- _Activity_
After locating the line that contains "Print Blue Shirt : Ditto", quote it and all lines after it through the end of the entries, and nothing more. Pictures stay out.

- _Record extracts_
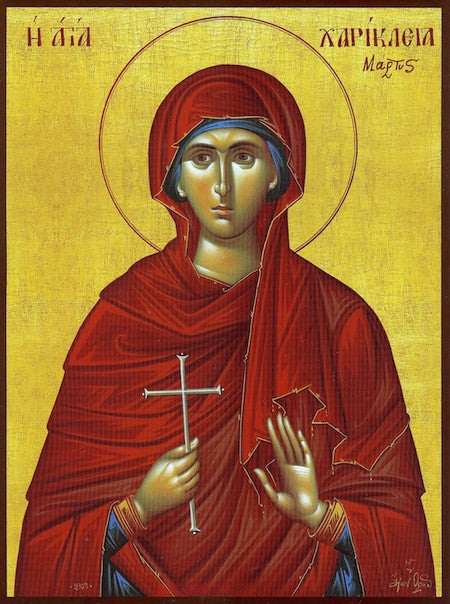 Orthodox icon of Saint Hariklia – orthodoxmonasteryicons.com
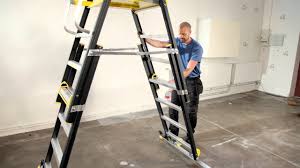 Using a ladder on stairs, especially if you are using the wrong ladder, is a gamble many are not willing to take. Video Wibe Ladders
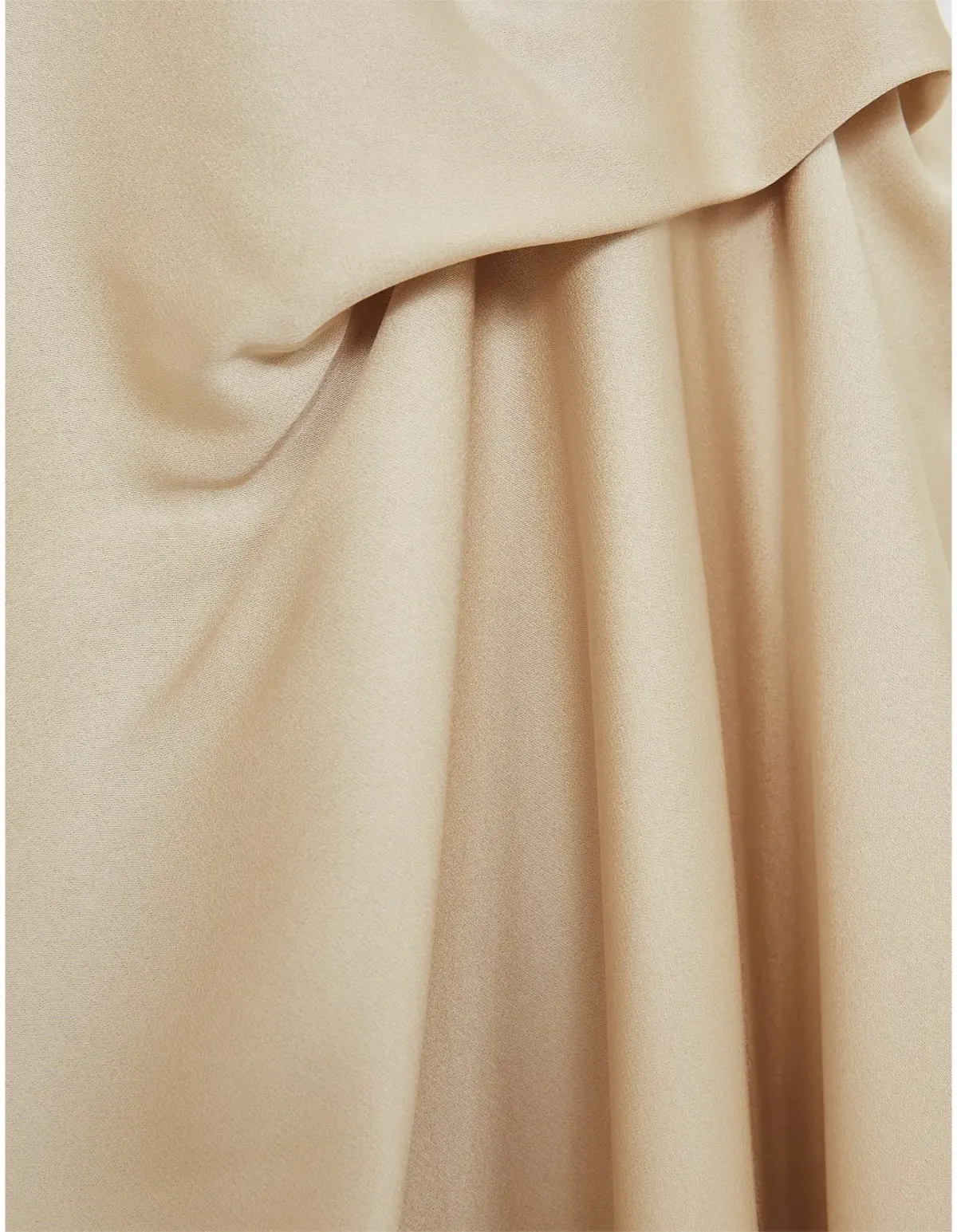 Reiss Michelle Drape Occasion Midi Dress Nude Size 14 - Image 5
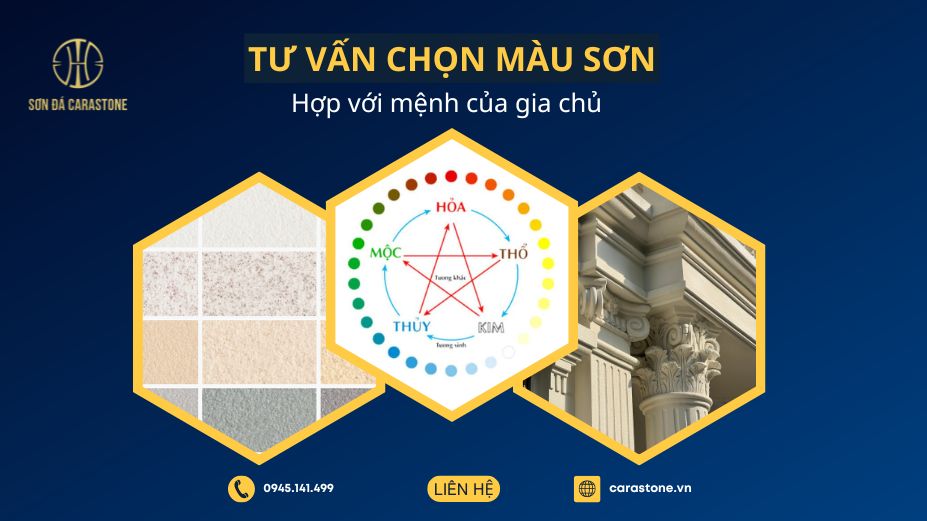 Chuyên Gia Sơn Đá Hưng Thịnh Phát | Tư Vấn Chọn Màu Sơn Hợp Với Mệnh Của Gia Chủ Đón Tài Lộc Vào Nhà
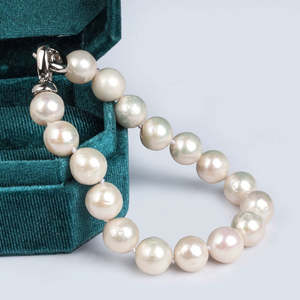 Pulsera de Perlas de Agua Dulce Edison Natural de 9-11 mm para Damas, Idea de Regalo Atractiva y Elegante - Product Image 4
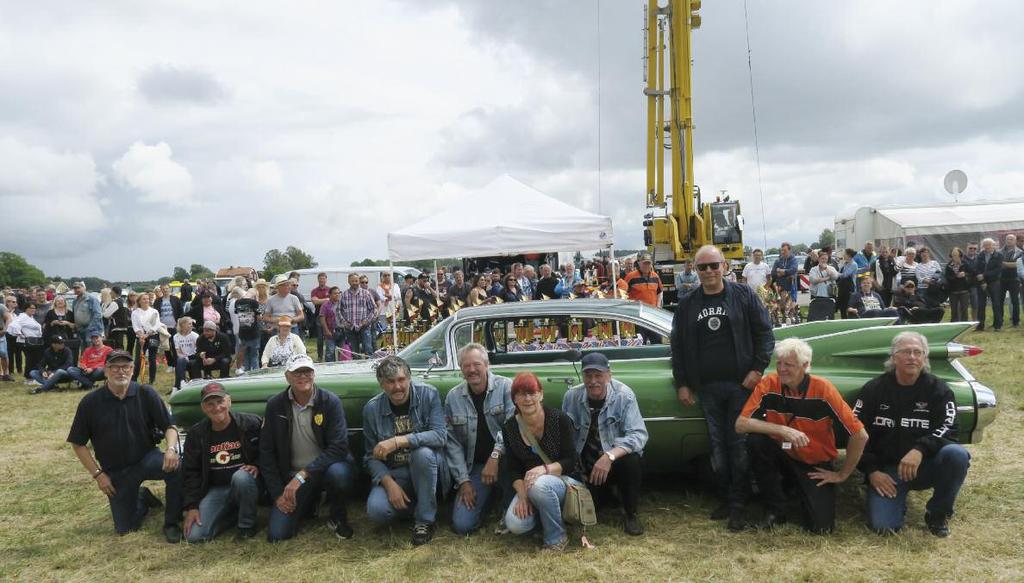 Mats Ola Larsson var bara 21 år gammal när han vann Best in Show med den gröna -59 Cadillacen 1978! Bilen ägs sedan många år av Krister Fernevald. Lika fin idag!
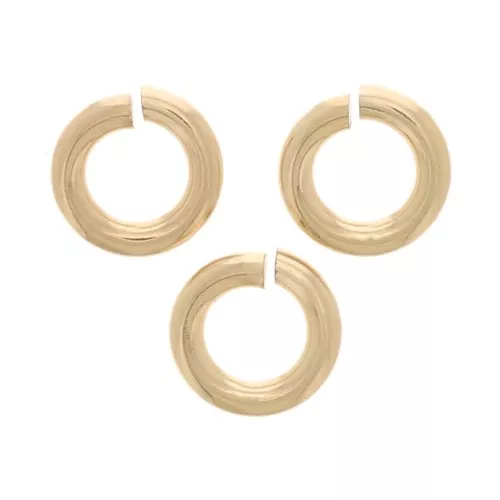 Anillas abiertas 3,5x0,76 mm - Gold filled x10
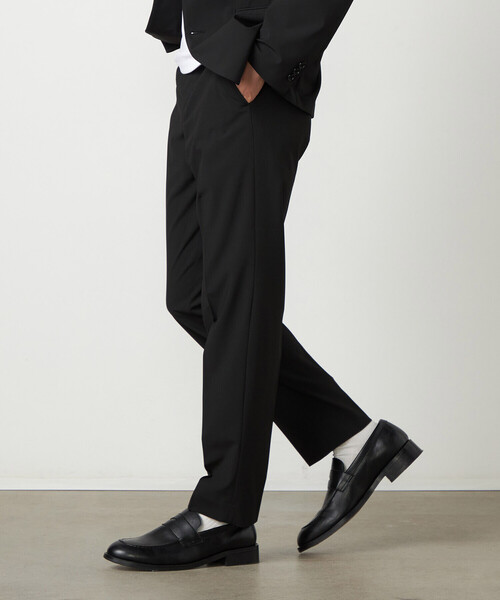 COMME CA ISM（コムサイズム）の「【セットアップ対応】2WAYストレッチ テーパードパンツ（スラックス・メンズ・ブラック/ネイビー・LARGE/MEDIUM/SMALL/X-LARGE）」の8枚目の写真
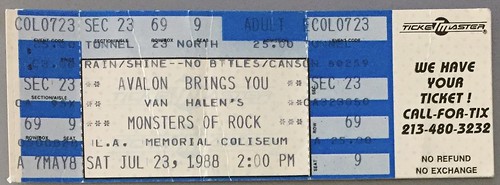 1988 Concert TIcket Stubs
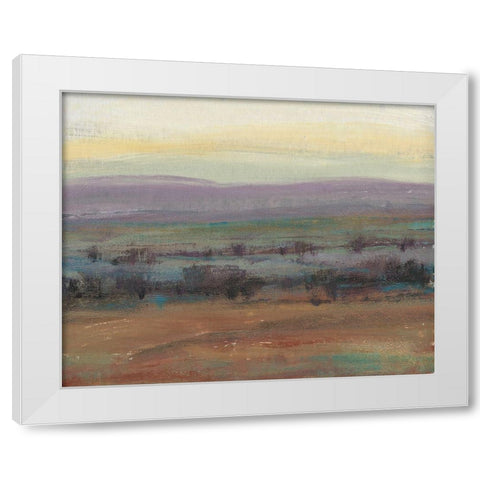 Fast Fading Light I White Modern Wood Framed Art Print by OToole, Tim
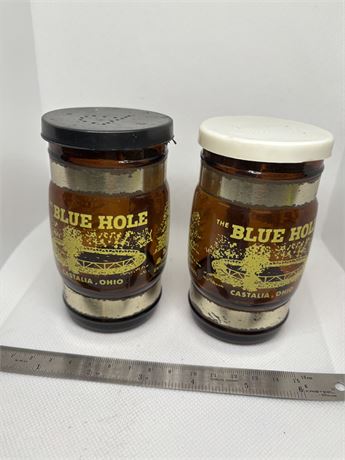 Blue Hole Castalia, Ohio Large Salt & Pepper Shakers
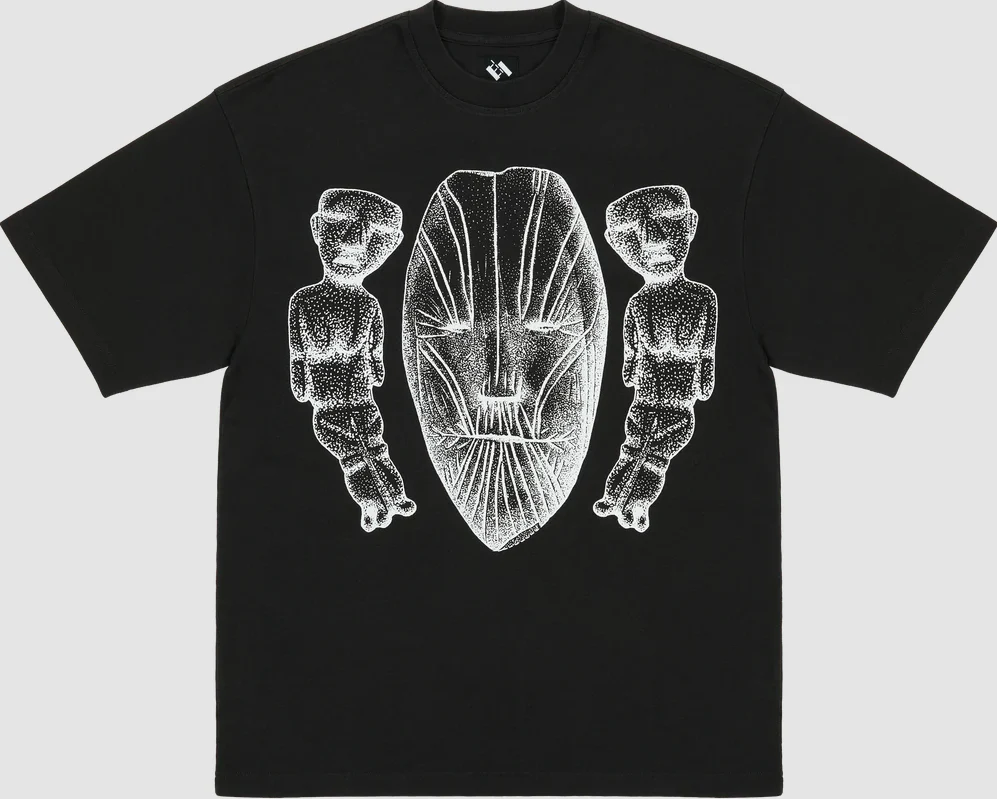 The Trilogy Tapes - Face Figures Hands T-Shirt Black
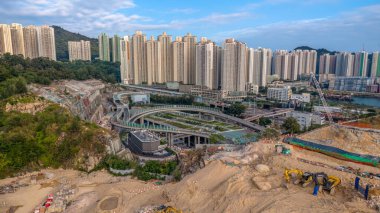 Hong Kong 'daki Lam Tin Interchange Major Transport Hub ve Highway Network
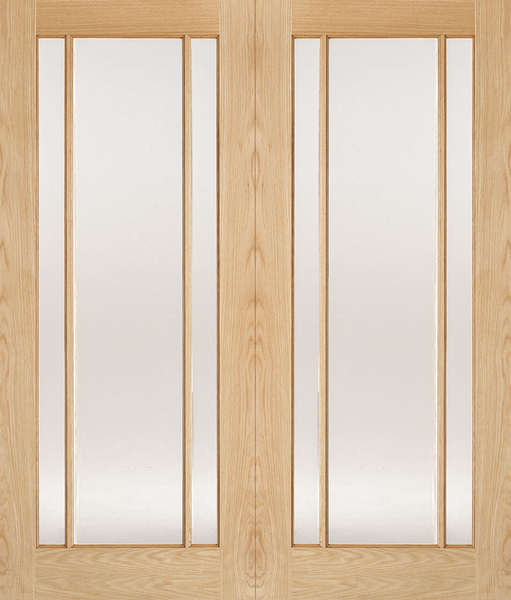 Oak Lincoln Glazed 3L Pairs - Standard - 1981 x 914 (36") x 40mm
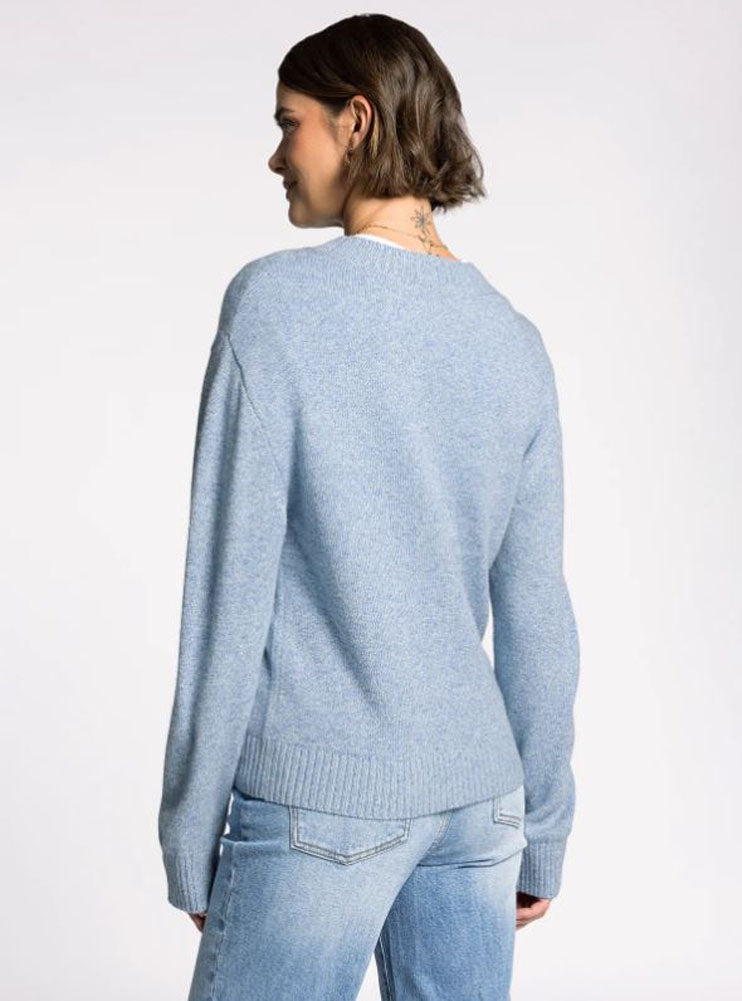 Allegiance Sweater in Heather Blue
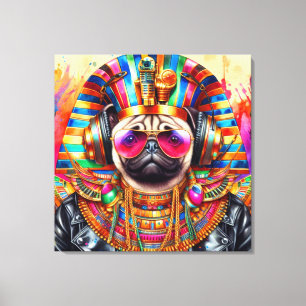 TOILE KING TUT PUG COOL 2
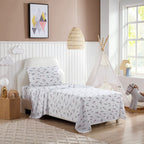 Eddie Bauer Kids - Twin Xl Sheets, Stain Resistant Kids Bedding, Ideal For Toddler Bedding Set (Fish Lake White, Twin Xl)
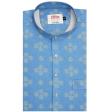 Print Blue Shirt : Ditto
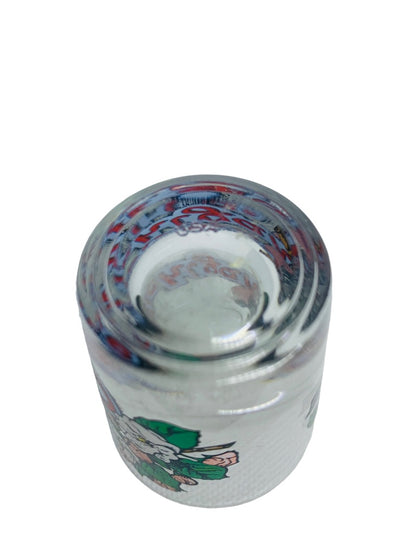 Michigan Souvenir Shot Glass State Bird Robin Apple Blossom Flower Barware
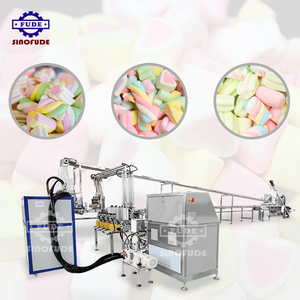 Dễ dàng hoạt động Kẹo mềm <span class=keywords><strong>Marshmallow</strong></span> kẹo thiết bị đùn gửi dây chuyền sản xuất Tuổi thọ dài - Product Image 4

- _Written response_
 Print Blue Shirt : Ditto
 Michigan Souvenir Shot Glass State Bird Robin Apple Blossom Flower Barware
 Dễ dàng hoạt động Kẹo mềm <span class=keywords><strong>Marshmallow</strong></span> kẹo thiết bị đùn gửi dây chuyền sản xuất Tuổi thọ dài - Product Image 4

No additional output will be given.